Task brief:
Word for word, reproduce the listing that follows, excluding any pictures it contains.

Source data:
== Segment start ==
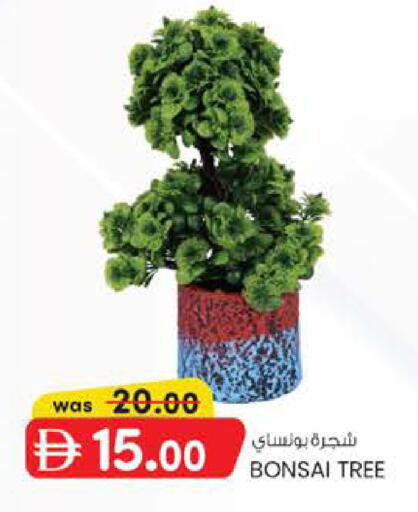 available at صفا اكسبريس سوبرماركت in الإمارات العربية المتحدة , الامارات - أبو ظبي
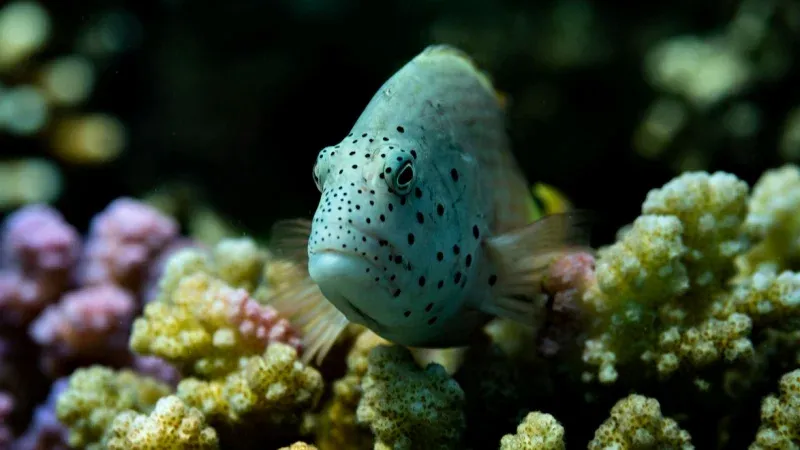 Red Sea Wonders Museum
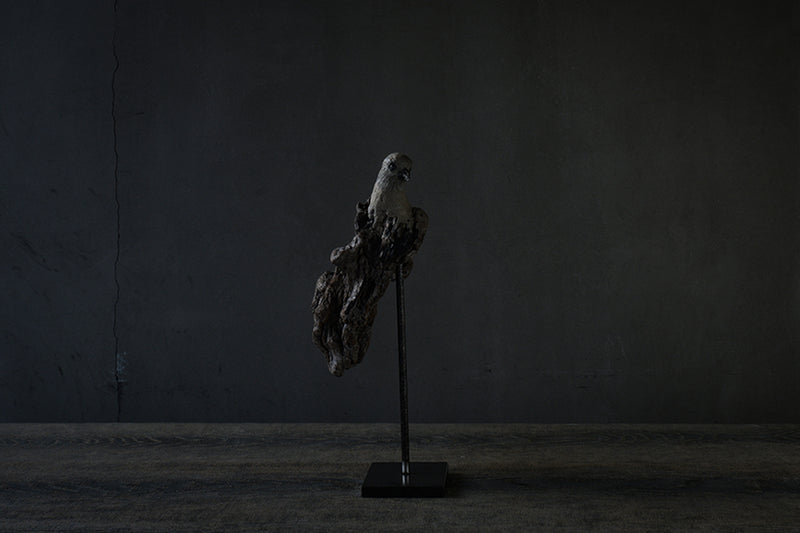 Norihisa Mizuta / bird with pewter accents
== Segment end ==
Solution for this exercise:
 available at صفا اكسبريس سوبرماركت in الإمارات العربية المتحدة , الامارات - أبو ظبي
 Red Sea Wonders Museum
 Norihisa Mizuta / bird with pewter accents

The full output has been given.